The developers presented their own Avalanche Virtual Machine (AVM) and a Proof-of-Stake consensus algorithm called Snowball. The main difference from the classic PoS is that Snowball completely cancels rewards, instead of cutting them down, if the validators act maliciously. Although the concept seems interesting, blockchain experts are not sure that Avalanche is a serious threat to Ethereum.
This network is built completely from scratch and does not use the existing blockchain networks technologies included in the global DeFi ecosystem. Note that developers use the Solidity programming language, it is evidence of its wide functionality for the advanced blockchain networks’ development.
Instead of complex and time-consuming mining, the Hedera Hashgraph platform offers a different algorithm, a Directed Acyclic Graph (DAG). Hedera Hashgraph is not a typical blockchain. The network resembles a tree of graphs.
This structure is notable because the transaction speed increases as new transactions are added to the network. In other words, transactions in the Hedera Hashgraph network are processed and confirmed in parallel, not sequentially, like in the Bitcoin or Ethereum networks. The aim is to achieve throughput exceeding 100,000 transactions per second with minimal computing costs.
The Hedera Hashgraph team uses the same language as the Ethereum creators to develop a smart contract. Smart contracts in the Hedera Hashgraph network let users create their own DApps for games, DeFi platforms, digital identification, and much more.
However, Hedera Hashgraph has a significant drawback: unlike most projects, the platform contains closed source code, which complicates the audit and makes it impossible to reveal the founders’ intent. Moreover, the creators of Hedera Hashgraph have patented the technology, so that independent developers can’t create forks to improve the protocol operation.
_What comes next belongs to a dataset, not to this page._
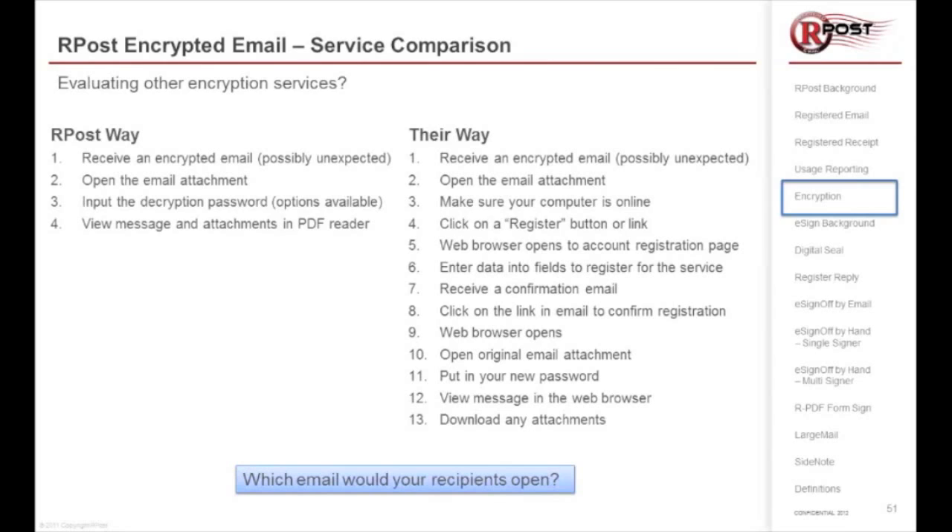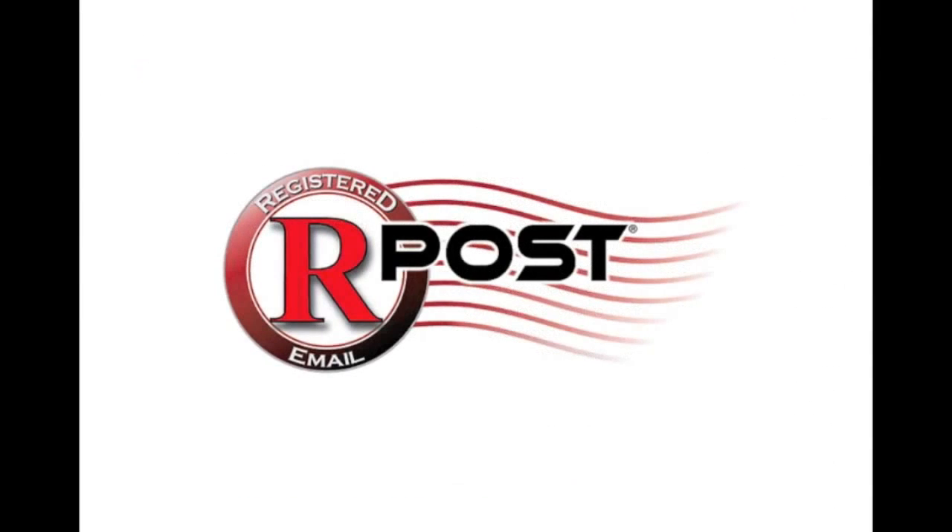So what happens when they say, 'I never got it, you never sent that to me, you can't prove it'? And more importantly, which email would you open, or would your recipients open? The clear answer is the rPost way. For any additional questions, send an email to info@rpost.com.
Only a few platforms use the Solidity language to create architecture and smart contracts. However, this programming language has become the blockchain industry standard. After all, many leading platforms, such as Ethereum, Binance Smart Chain, Polkadot and others, are created in Solidity. But most developers of these platforms do not seek their own way. They try to displace Ethereum by replacing it in the DeFi ecosystem.
Instead of just competing with Ethereum, the Zhcash developers have created a unique concept based on the most effective blockchains’ properties. Zhcash uses a hybrid model for blockchain functioning, which allows validators and standard nodes to easily and quickly switch between consensus algorithms for the most effective interaction.